A dozen Ferring Conservation Group members recently made their way to Pagham Harbour for their annual Spring birdwatching visit. The party, which included a couple of members making their first such visit to the harbour, was led by one of the Group’s bird experts, Clive Hope.

Weather wise, on what was forecast to be a windy day, it turned out to be pretty good, especially when there was shelter from the elements and the sun decided to shine. On the bird count, a total of 38 different species were recorded, which was thought to be quite impressive.

The highlight was probably the sheer number of Brent Geese seen, with a good estimate of approximately 1000 in total, and many of these were probably preparing to make their migratory trip back to their breeding grounds in Europe. They made a spectacular sight, especially when some of them took to the air, probably spooked by an unseen raptor.

Some of the other birds seen included Great Crested Grebe, about 20 Pintail, Ringed Plover, Grey Plover, Knot, Black-tailed Godwit, Curlew, Redshank and even a Green Woodpecker.

A couple of enjoyable hours was considered a suitable time period, before the party repaired to the local café for a spot of lunch before returning home to Ferring. This really is a worthwhile and informative way to get out into the Sussex countryside in good company and with expert guides to learn more about our local wildlife. If you haven’t been out for a trip with the Group before, then it’s definitely worth considering in the future.

Village Green bulb planting update

Earlier this week, we had an excellent turn out at the Village Green on a pleasant morning, and duly planted 250 Narcissi bulbs across the frontage opposite the shops and under the trees. Thank you to all those who helped out and we hope to see a great display each Spring to complement the bulbs already in situ.

To correct something we said before, although the bulbs were supplied by Arun DC, they were actually paid for by our Parish Council as part of the ongoing improvements there, which will also include the bed leading towards the toilet block as well as the area under the trees. In addition, we at FCG have tidied up the boat and put in some Winter plants and more bulbs.

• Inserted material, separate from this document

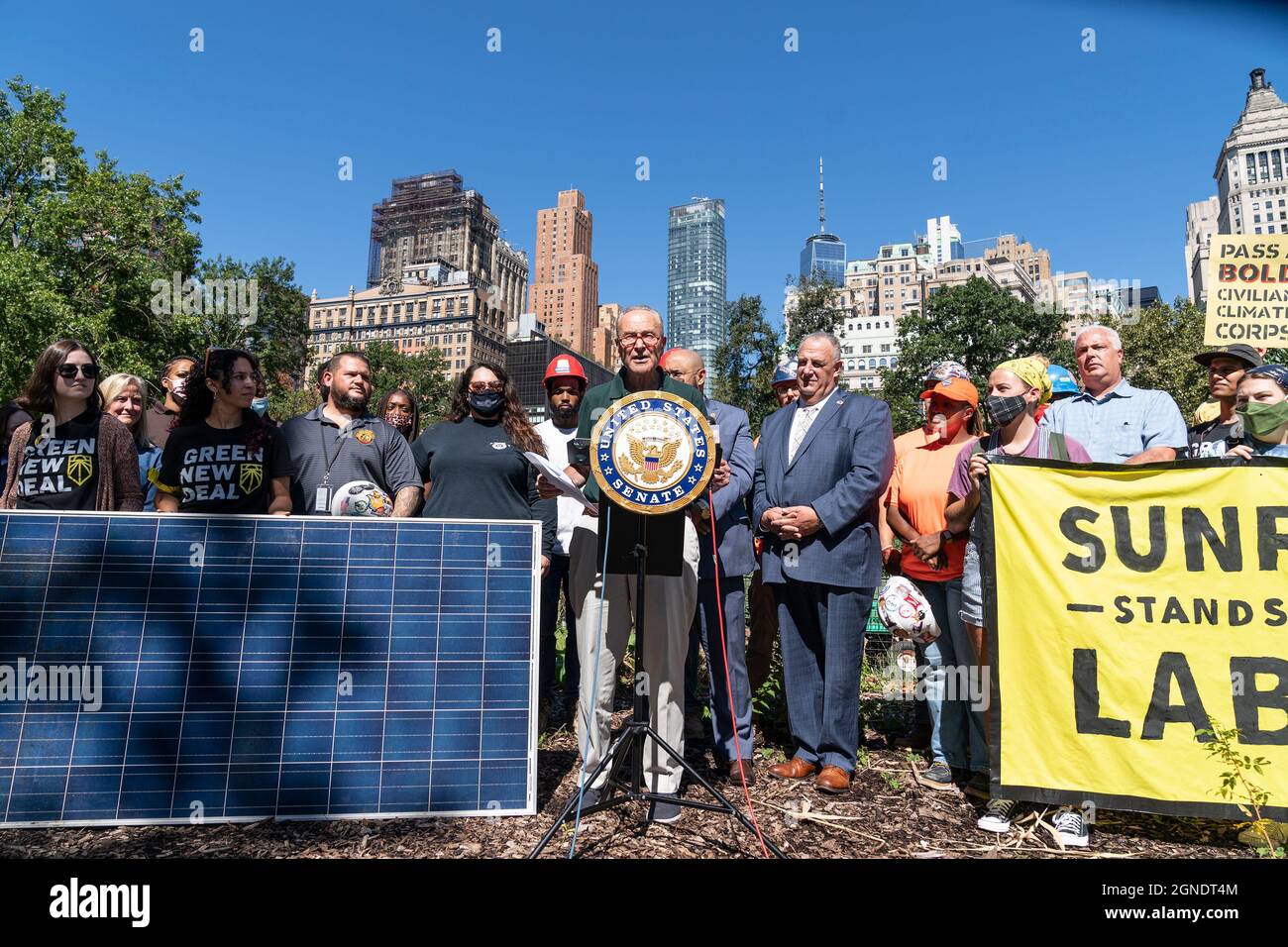 Nueva York, Estados Unidos. 24th de Sep de 2021. El Senador Schumer de los EE.UU., activistas del Trabajo y del Clima piden fondos del Cuerpo Civil del Clima del Congreso en Battery Urban Farm en Nueva York, NY, el 24 de septiembre de 2021. Su anuncio se produjo en un día en que se realizaron huelgas climáticas en todo el mundo para llamar la atención de las personas y empresas sobre la crisis climática. (Foto de Lev Radin/Sipa USA) Crédito: SIPA USA/Alamy Live News Foto de stock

Persimmon planning application refused

We’re very pleased that tonight (Weds 10/3) the Worthing Borough Council Planning Committee unanimously refused Persimmon Homes planning application to build 475 houses on the North Goring Gap.

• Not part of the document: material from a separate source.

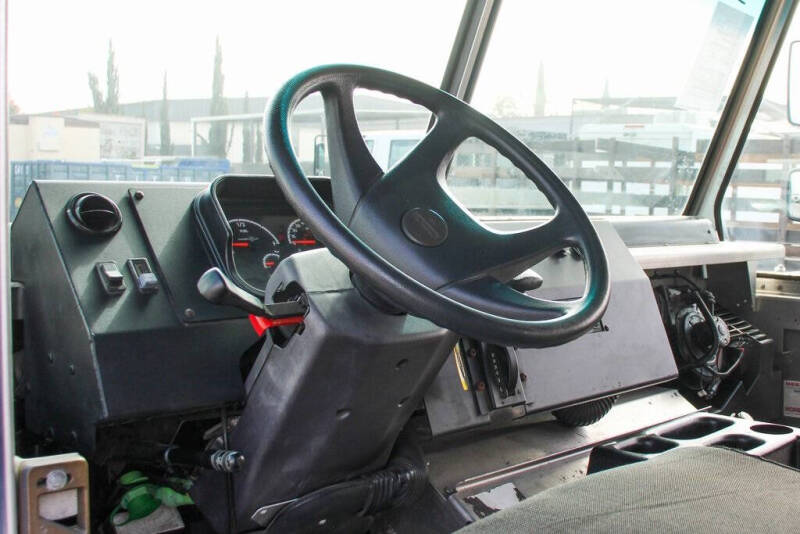 2020 Freightliner MT45 Chassis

Thank you to those who spoke so well at the meeting, those who worked hard to campaign against it and the many hundreds of people who sent in their individual objections. This is a good day for Ferring, Goring and all of our local area, and shows just how much we value our remaining green spaces.

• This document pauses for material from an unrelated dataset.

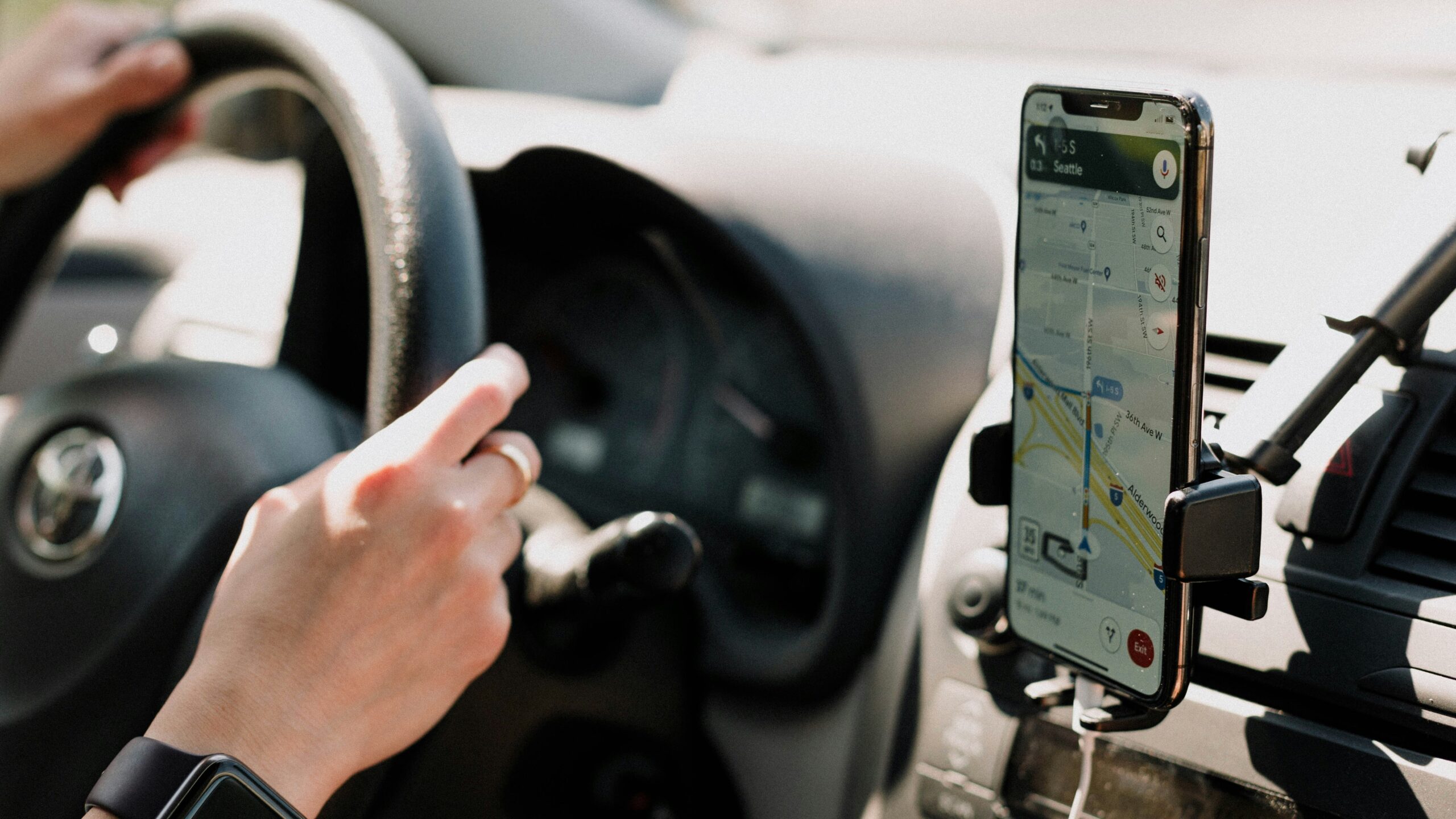 Location Services — Image Credit: Priscilla Du Preez 🇨🇦/Unsplash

David Bettiss – Chairman, FCG

Nestbox Survey

Recently, committee member Graham Tuppen and Chairman, David Bettiss carried out our annual survey and cleaning of the various bird nest boxes around the public places in the village. These are situated at Little Twitten, the Village Green and Glebelands, as well as the Ferring Country Centre. It was really pleasing to report that all bar one of the boxes had been used by birds during the past Summer, with nests present in them.

The nests were made up of different materials, with the most common being mosses and feathers, while on the Village Green, one had a large amount of hair, with the Country Centre ones unsurprisingly having a lot of straw and hay present. In one box, there were a number of abandoned eggs (probably Blue Tits), in one a dead Great Tit, in another a couple of very young dead Blue Tits, and finally one had a large circular hole drilled into the front of the box right next to the official hole which had been protected by a metal plate. This was presumably done by a Woodpecker, and could even have been used by them as their own nest.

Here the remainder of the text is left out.